# Names for fingertricks?



## Evan Wright (Mar 16, 2014)

I think it would be a good idea to have some standardized names for fingertricks.

There is already a few, such as:
R U R' U' (sexy move)
R' F R F' (sledgehammer)

I think it would be beneficial to have names for more common fingertricks, such as 
R U2 R' 
R U R',
F R' F' R
R U R' U

Having names for these would make memorizing algs a lot easier. For example, instead of R U R' U R U2 R' (sune), it could be written as
(name1) (name2)

(I am terrible at coming up with names so i just inserted generic ones)

What other fingertricks should have names?

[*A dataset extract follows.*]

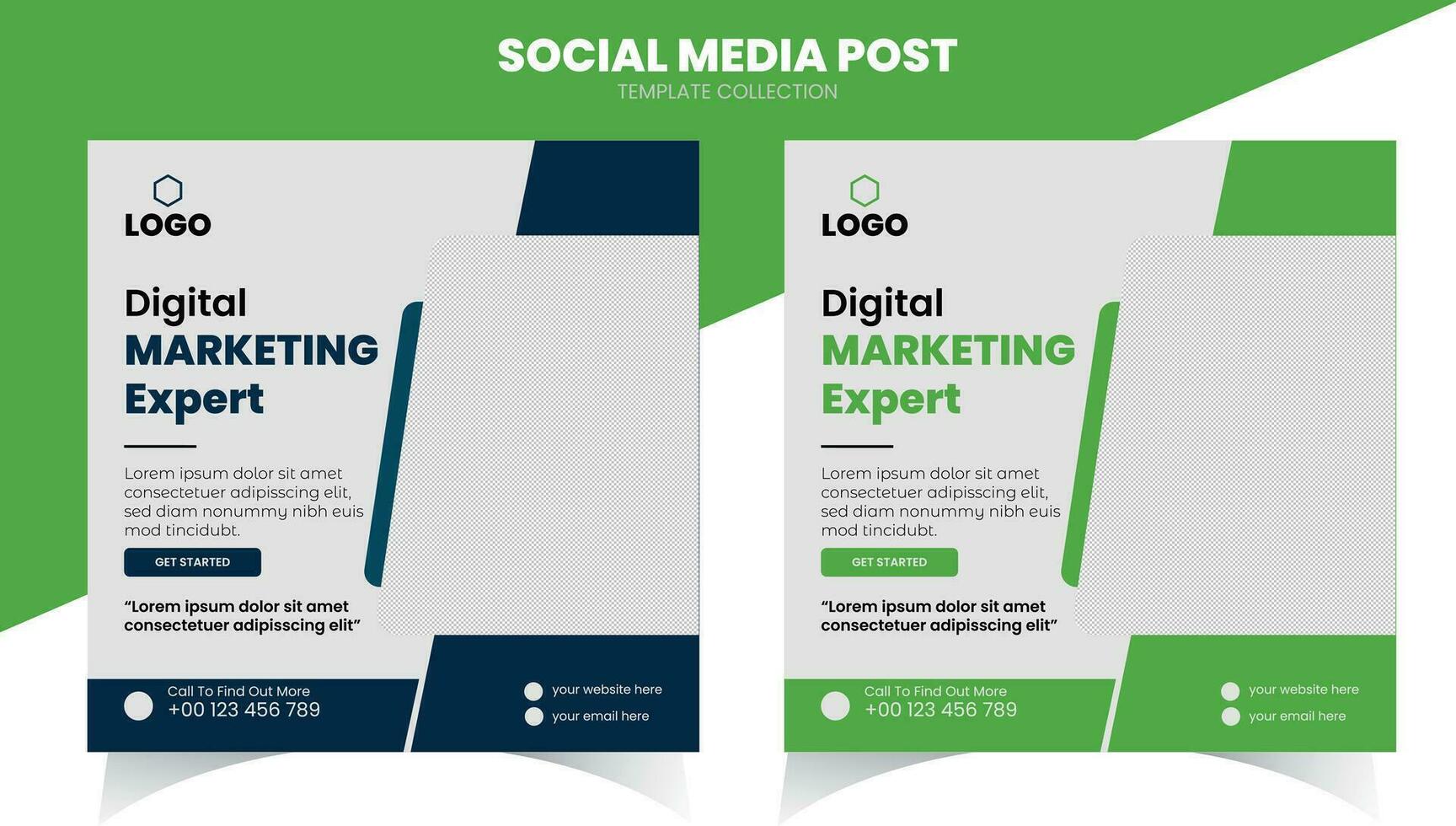 Digital Marketing Social Media Post Template vector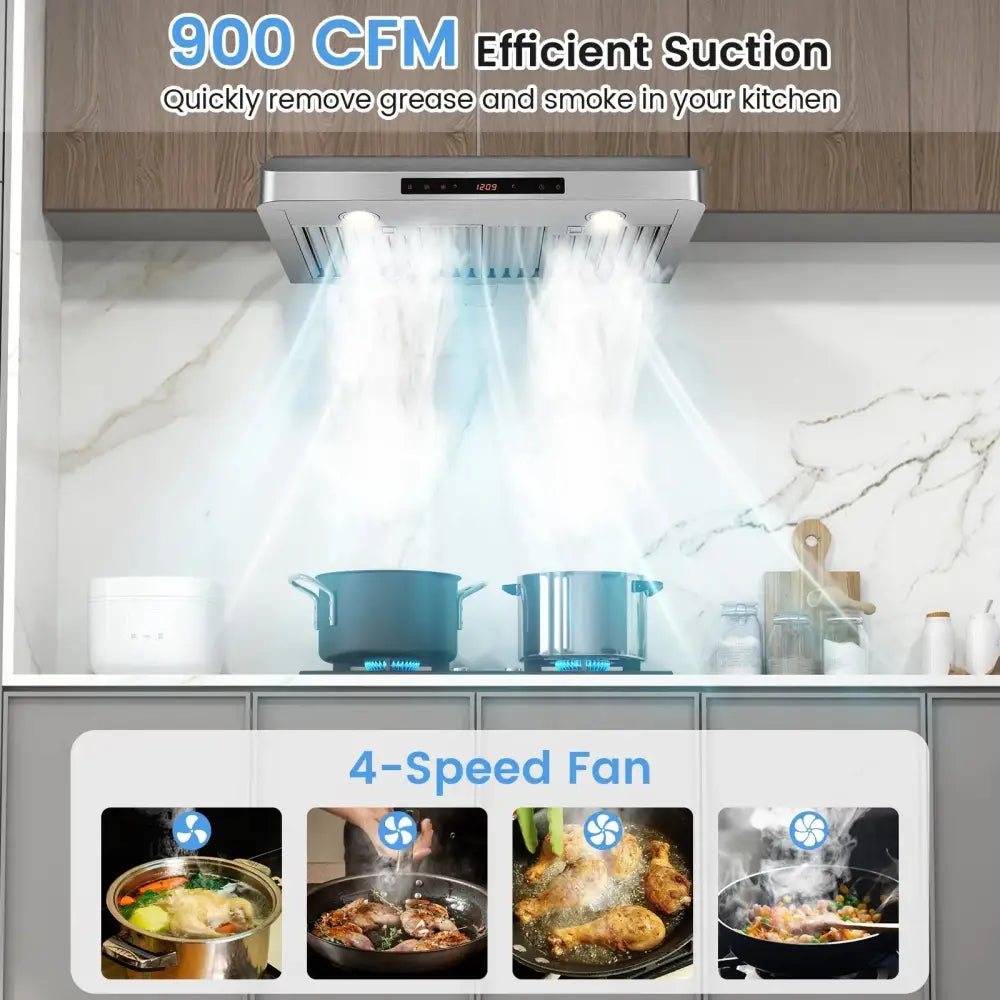 35.5/29.5 Inch Under Cabinet Range Hood 900 CFM Kitchen Vent with 4 Fan Speed-29.5 inches Costway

Also, help me come up with names for the ones I have.


----------



## CriticalCubing (Mar 16, 2014)

Evan Wright said:


> I think it would be a good idea to have some standardized names for fingertricks.
> 
> There is already a few, such as:
> R U R' U' (sexy move)
> ...



Falcon Sledghammer/ Reverse Sledgehammer (F R' F' R)
Sexy (R U R' U)
Too Sexy (R U2 R')
Lazy Sexy (R U R')

R U R' U R U2 R' = Sexy Too Sexy 
Weird names, I am also bad at them but no harm in trying


----------



## kcl (Mar 16, 2014)

R U R' U can be the ugly move, it's awful


----------



## antoineccantin (Mar 16, 2014)

R U2 R' = Cookie


----------



## Lucas Garron (Mar 16, 2014)

From the way you talk about these fingertricks, HIJK notation will probably cover most of your needs except sledgehammer, and the only thing that really matters is K = R U R'.

Sune: K U K2

Other names are cute, but they are likely to stay non-standard -- and not everyone will agree with your mnemonic/interpretation, or think that it's a good come up with weird nicknames for all sorts of simple variants on the same thing.


----------



## Sajwo (Mar 16, 2014)

M2 U2 M2 = silly move

Because it's so silly when I fail the cross


----------



## kcl (Mar 16, 2014)

Sajwo said:


> M2 U2 M2 = silly move
> 
> Because it's so silly when I fail the cross



Not really a trigger but F' U R' U2 R U' F is another 'I suck' alg


----------



## Sajwo (Mar 16, 2014)

Nice one, I have always used R U R F' r U r' U' r U R' U' M xD


----------



## Phillip1847 (Mar 17, 2014)

kclejeune said:


> Not really a trigger but F' U R' U2 R U' F is another 'I suck' alg



R L U2 R' L' is a favorite as well.


----------



## kcl (Mar 17, 2014)

Phillip1847 said:


> R L U2 R' L' is a favorite as well.



Ah yes, that's what mine is based off of lool


----------



## Lazy Einstein (Mar 17, 2014)

R U R' U' Sexy Move (Obv)
R' F R F' Sledgehammer (Obv)

R U R' U Sune trigger
R U R' F' Sexy Flick (because I flick with my right thumb most of the time)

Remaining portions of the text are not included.